Many Thanksgivings ago, my father told me something that has stayed with me ever since.
“Society,” he decreed, “is the spice of life.”
First, some context: Dad made this declaration in response to a story I was relating, one of my “life as a teacher” chestnuts involving a pedagogical pet peeve of mine: the tendency of high school students to heap all worldly ills onto the hump of an amorphous entity known only as “society.”
According to my students, “society” is the root of all evil. In their essays and during class discussions, they rail about how “society” dictates what we all wear or buy or listen to. (Don’t worry: teens still wear and buy and listen to these things. But some of them, at least, resent it.)
Gender stereotyping, conformity, ozone depletion, telemarketers calling during dinner—my students pin it all on “society.”
And sometimes it gets personal: as a student once ominously wrote, “I was betrayed by society.”
And yet, teenagers aren’t the only ones guilty of slinging the “society-blame”; adults do it all the time. Last fall, for example, two Michigan teens, Jean Pierre Orlewicz (17) and Alexander James Letkemann (18), murdered, then burned, then beheaded a 26-year-old man named Daniel Sorenson. Responding to the brutality of the crime, prosecutor Kym Worthy said, “It makes us think and ask a lot of questions about our society.”
Well, yes… but shouldn’t it first make us think and ask a lot of questions about Orlewicz and Letkemann?
“Society-blaming” has become so pervasive, it even got parodied on NBC’s The Office. The show’s September 25th premier treated viewers to this exchange, between dumb boss Michael Scott and dumbfounded employee Jim Halpert:
Michael: “We are here because there is something wrong with society.”

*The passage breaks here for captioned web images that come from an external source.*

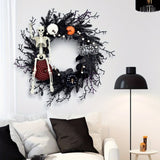 Halloween Door Wreath With Jack O'lantern Pumpkins And Skeleton For Spooky Entry Decor - Image 3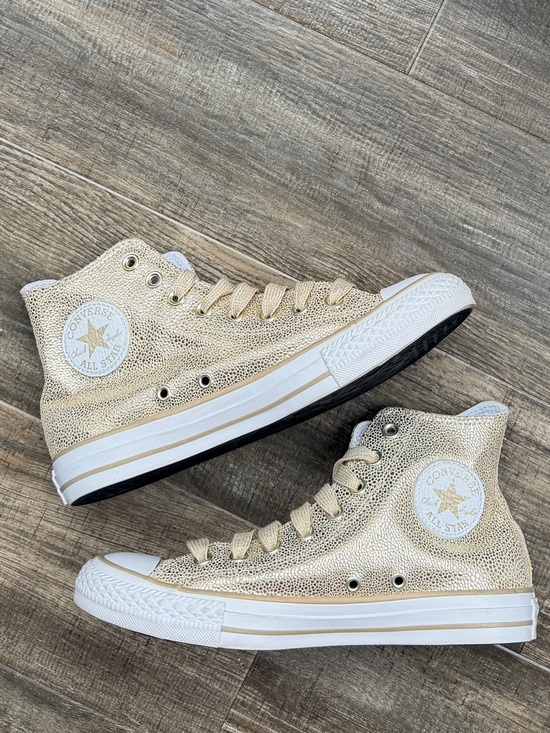 Converse Shoes - Converse All Star Hi sneakers in gold glitter #converse #glitter sz 8.5 women’s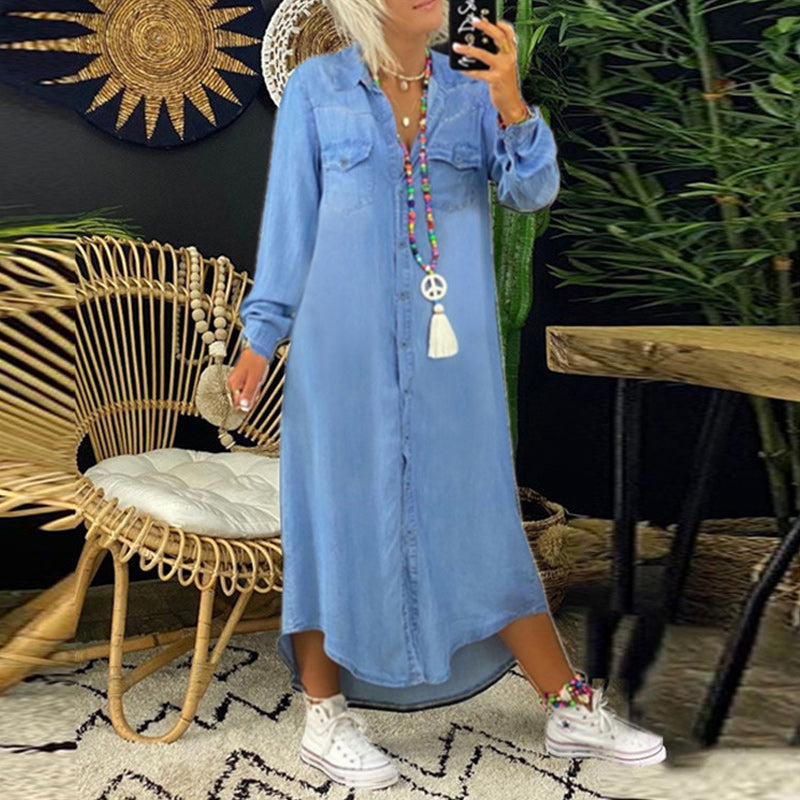 Yara™ - Długa sukienka maxi z denimu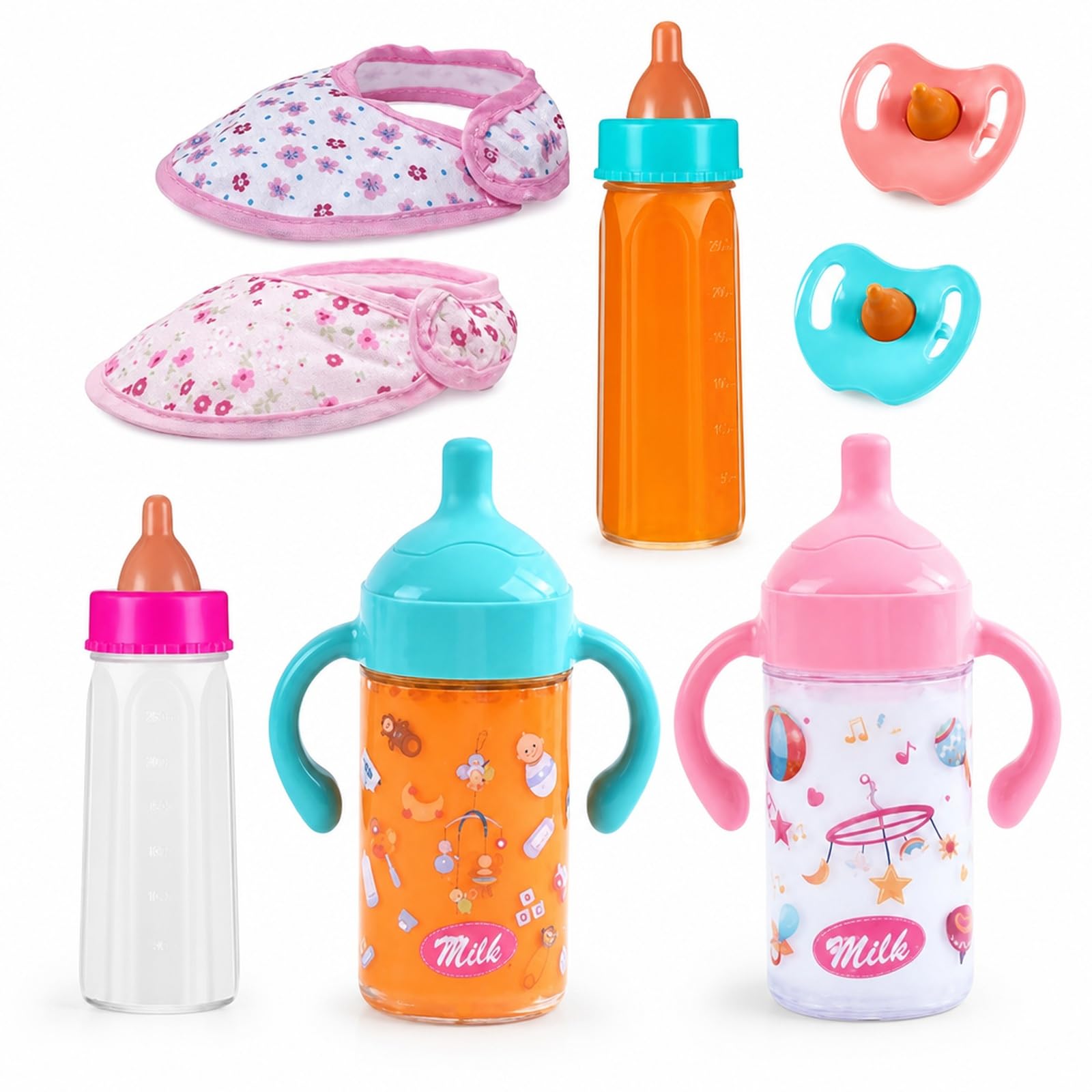 Poivgew 8 Piece Doll Accessories Feeding Bottle and Soother Set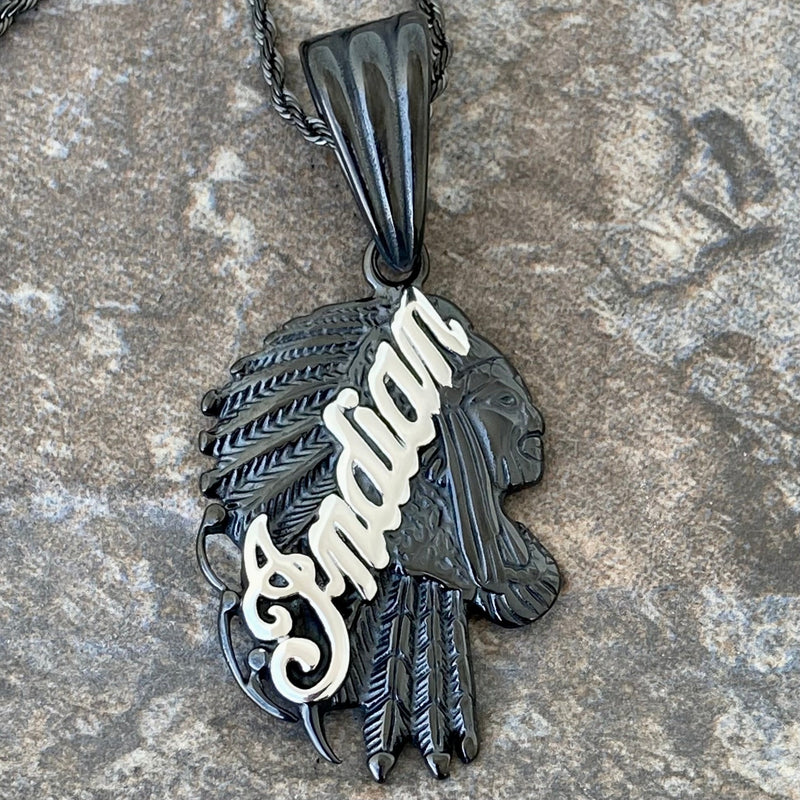 Sanity Steel Necklace Indian Pendant Small - Black & Silver - Necklace (849)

Jim: “See, you’re always saying there’s something wrong with society, but… maybe there’s some wrong with you.”
Michael: “If it’s me, then society made me that way.”

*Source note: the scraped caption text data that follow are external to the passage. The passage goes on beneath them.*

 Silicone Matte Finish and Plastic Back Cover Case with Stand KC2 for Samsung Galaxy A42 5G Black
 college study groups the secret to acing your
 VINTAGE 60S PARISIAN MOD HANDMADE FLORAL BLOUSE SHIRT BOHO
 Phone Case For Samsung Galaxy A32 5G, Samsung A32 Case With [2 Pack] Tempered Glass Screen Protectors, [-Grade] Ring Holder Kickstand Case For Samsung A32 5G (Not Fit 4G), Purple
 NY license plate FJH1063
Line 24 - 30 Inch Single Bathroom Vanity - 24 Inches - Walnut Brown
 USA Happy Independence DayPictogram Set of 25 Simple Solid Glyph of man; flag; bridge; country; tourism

Jim: “See, you’re always saying there’s something wrong with society, but… maybe there’s some wrong with you.”
Michael: “If it’s me, then society made me that way.”

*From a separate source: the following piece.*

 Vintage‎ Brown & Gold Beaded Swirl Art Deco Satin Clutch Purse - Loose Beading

Does an array of factors influence our actions and decisions? Absolutely. But using “society” as a fail-safe scapegoat for every aberrant behavior smacks of laziness. And even more insidious than that: society-blaming, to me, somehow exonerates the people who actually do bad things. No one person does anything wrong anymore, because seemingly everyone does everything wrong. And if we blame everyone, aren’t we effectively blaming no one?
So, just what is “society,” anyway, and why does it always seem to cultivate such nasty behaviors? And who lives in “society”? Me? Do I live there? And if so, what does that say about me?
I haven’t ironed out any real answers, but as far as I can tell, “society” is inhabited by “they”—you know, that ambiguous “they” who serve as the go-to source for all the day’s pressing issues. (“You know what they say about ‘Tag’? It ruins kids’ self-esteem.”)
While living in this “society,” “they” seem to spend a lot of time doing “research” or conducting “studies,” which no one has actually read but everyone can reference (e.g. the “studies” that say bacon is good for you).
Moreover, “society” seems to be run by the “government,” an untrustworthy, Big-Brotherly system that keeps us in the dark about bad guys in our midst or earth-devouring black holes.
But even more powerful than the “government” is the “media,” an insidious network that basically forces the good citizens of “society” to buy products they don’t need and vote for candidates they never respected.
Finally, what can’t be blamed on the “government,” the “media,” and all those “studies” can always be chalked up to “human nature”—a convenient card to play whenever you want to defend questionable behavior.
Incidentally, even as I’m saying this, I am fully aware this diatribe against generalizations is sort of generalization in itself. And even a not-so-astute Dunder Mifflin employee could accurately point out that, by suggesting my students have picked up their society-condemning tendencies from adults, I’m blaming their fascination with “society” on (for lack of another term) society. Which brings me to two final points about society-blaming:
(1) It’s scape-goating, an easy way to avoid asking hard questions; and
(2) Like pumpkin pie on Thanksgiving night, it’s really hard to resist. (Spice of life, indeed!)